Dan posted to Twitter a photo of a drone with a camera mounted on it with the caption: “Hmm, I wonder where our new dji Phantom with GoPro mount will fly on this rainy day?”


The question and the photo certainly got my attention. I haven’t really thought about the use of drone technology for other than military or law enforcement applications. 

But this is for personal/private use and it’s the real thing.  And the fact that it can be used with a camera mount for newsgathering opens the door to a million possibilities.

According to the drone’s descriptor on Amazon, it arrives “ready to fly.”  All you need to do is unpack it, attach the propellers, charge the “LiPo” (I’m assuming that’s a power source) and install the transmitter batteries.  I’m also guessing that however you’d like to outfit you’re drone, that’s on you as well.  So if you want to mount a camera, you have to purchase a compatible device and install that. 

Thanks to some recent news features, I’ve seen how these types of drones operate. They aren’t toys.  They tend to fly very stable and agile.  I’m not sure about this one, but they can be disarmingly quiet.  Each of these features make drones highly efficient tools for surveillance and information-gathering.
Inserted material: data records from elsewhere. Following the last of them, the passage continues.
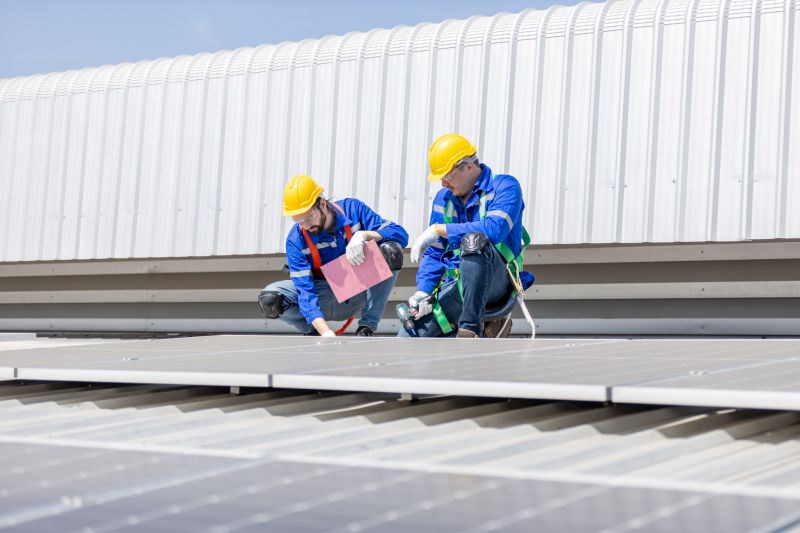Commercial Solar Installation detail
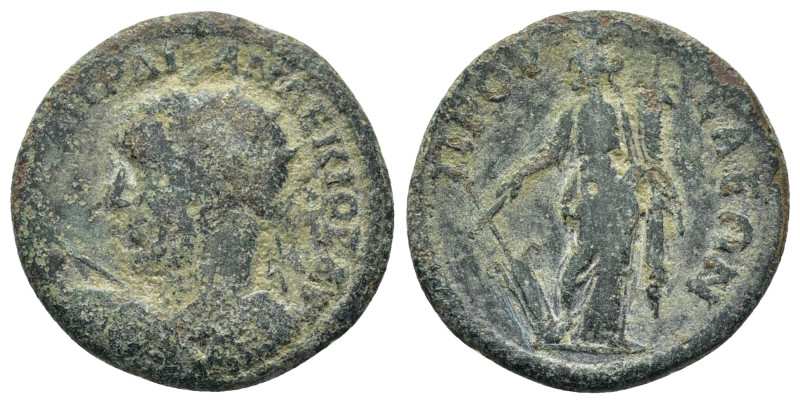 BITHYNIA.Prusa ad Olympum  Trajan Decius(249-251).Ae.

Obv : ΑΥΤ ΚΑΙ ΤΡΑΙΑΝ ΔΕ...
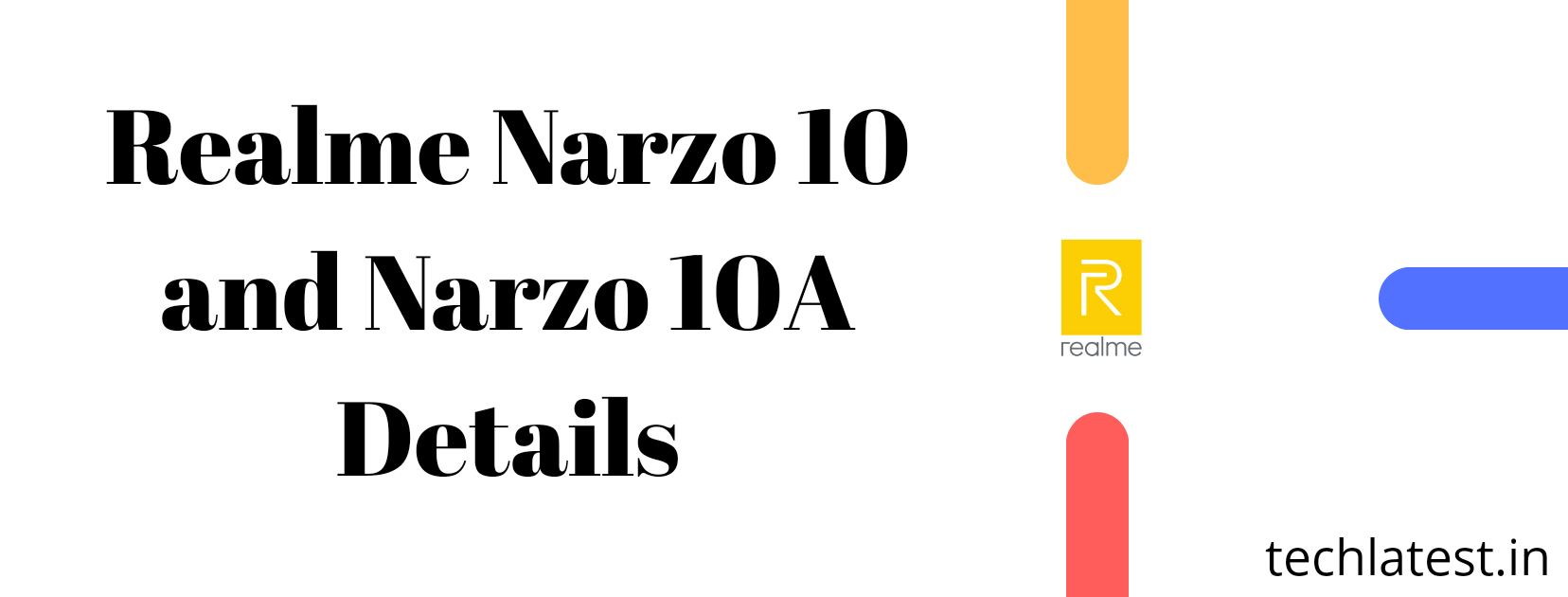 Realme Narzo launch details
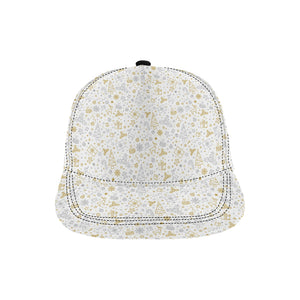 Christmas tree Christmas element Silver gold patte All Over Print Snapback Cap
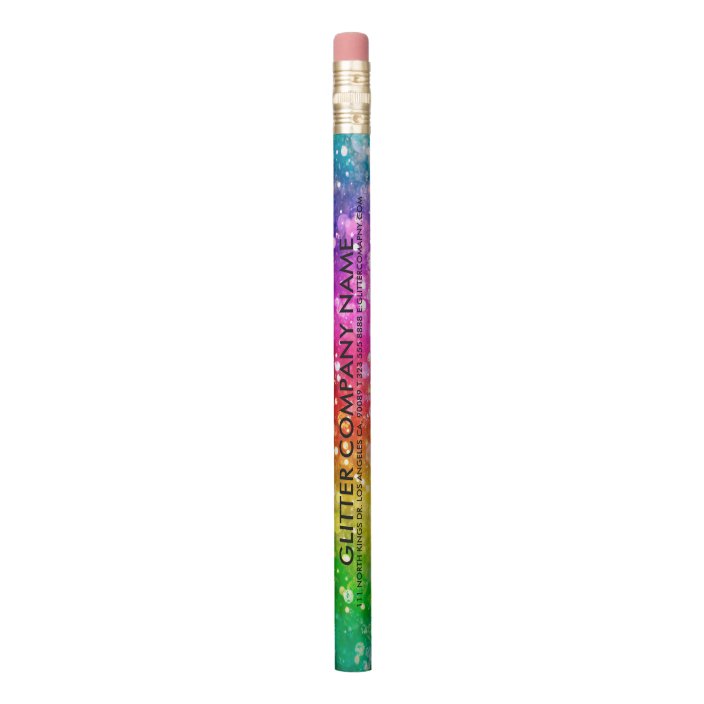 Bright Rainbow Colors Glitter Sparkles Pencil Zazzle Com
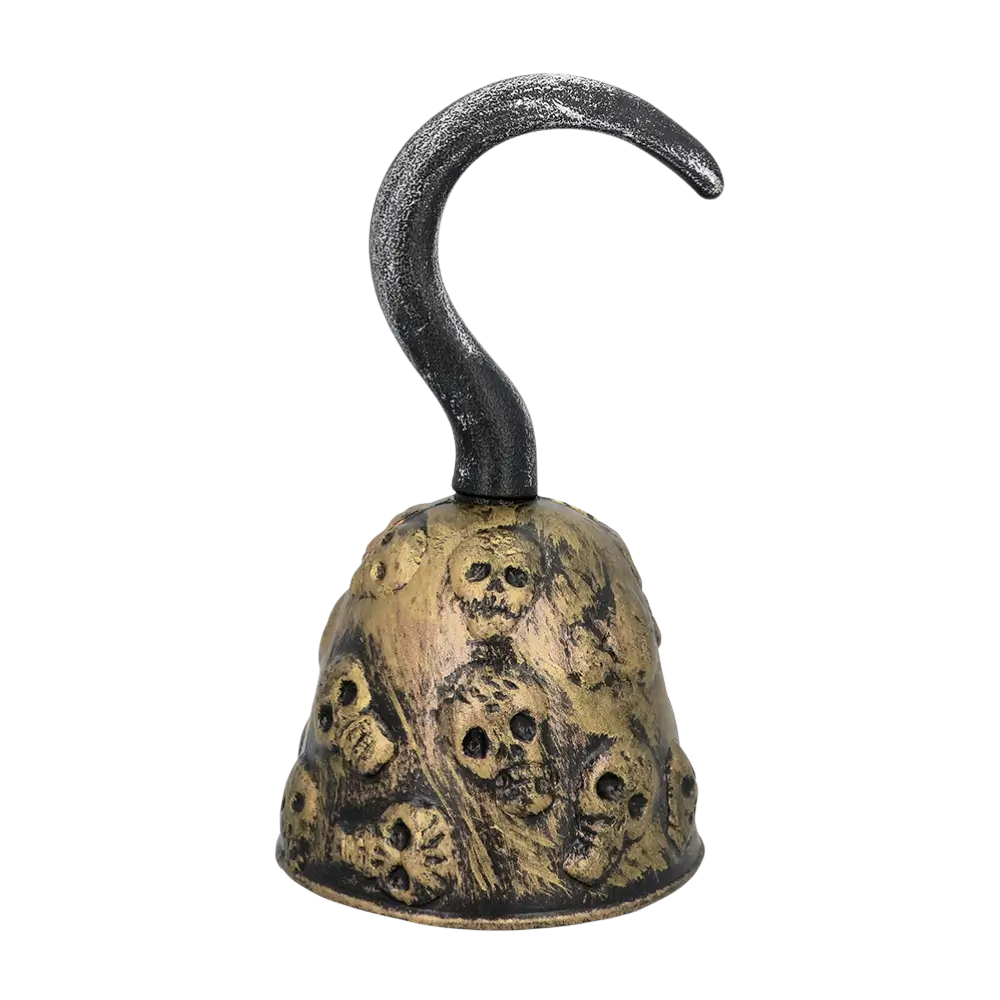 Calaveras piratas de ganchillo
Just thinking about the drone and its potential took me back to my own early reporting days in and how such technology might have changed the way we covered news. 

Once I hid behind a patrol car as the police negotiated with a hostage-taker in a residential neighborhood.  If I had a drone, I could have flown the thing over the house or even near the house to see what was going on, though I’m sure the police commander would have had something to say about that.

Then I thought about my role as a PR person.  How will a drone affect my work in PR?

No doubt, I would have to take into account that news reporters could and would gain access to places we’d prefer they not, such as near power wires, and plant and company employees, to name a few.  Would we be within our rights to “take down” the drone if it flies into our private space?  I don’t know.  I do know that such acts of surveillance and retaliation would not come without significant controversy.

What about our own use as PR professionals?  Can we use drones to access areas that before may have been logistically impossible to access?  I would think drone technology would come in handy for capturing visuals of everything from a complex or vast manufacturing process to a store grand opening.
 

WATCH: First time students fly newsgathering drone prototype October 4, 2013 in Syracuse University's Manley Field House.

 
Dan Pacheco first started using drones on campus almost a year ago.  His purpose was to experiment with aerial footage for journalism.  Of course this is not without its challenges.

The Federal Aviation Administration (FAA) ordered a couple of state-funded journalism schools to shut down outdoor use of drones. So Syracuse uses its indoor athletic facilities to serve as laboratories for drone navigation.

From a timing standpoint, the FAA is supposed to issue a method to certify commercial drone flights by September 30, 2015. 

My apologies in advance for this (pun intended), but clearly when it comes to newsgathering drones and the possibilities, the sky’s the limit.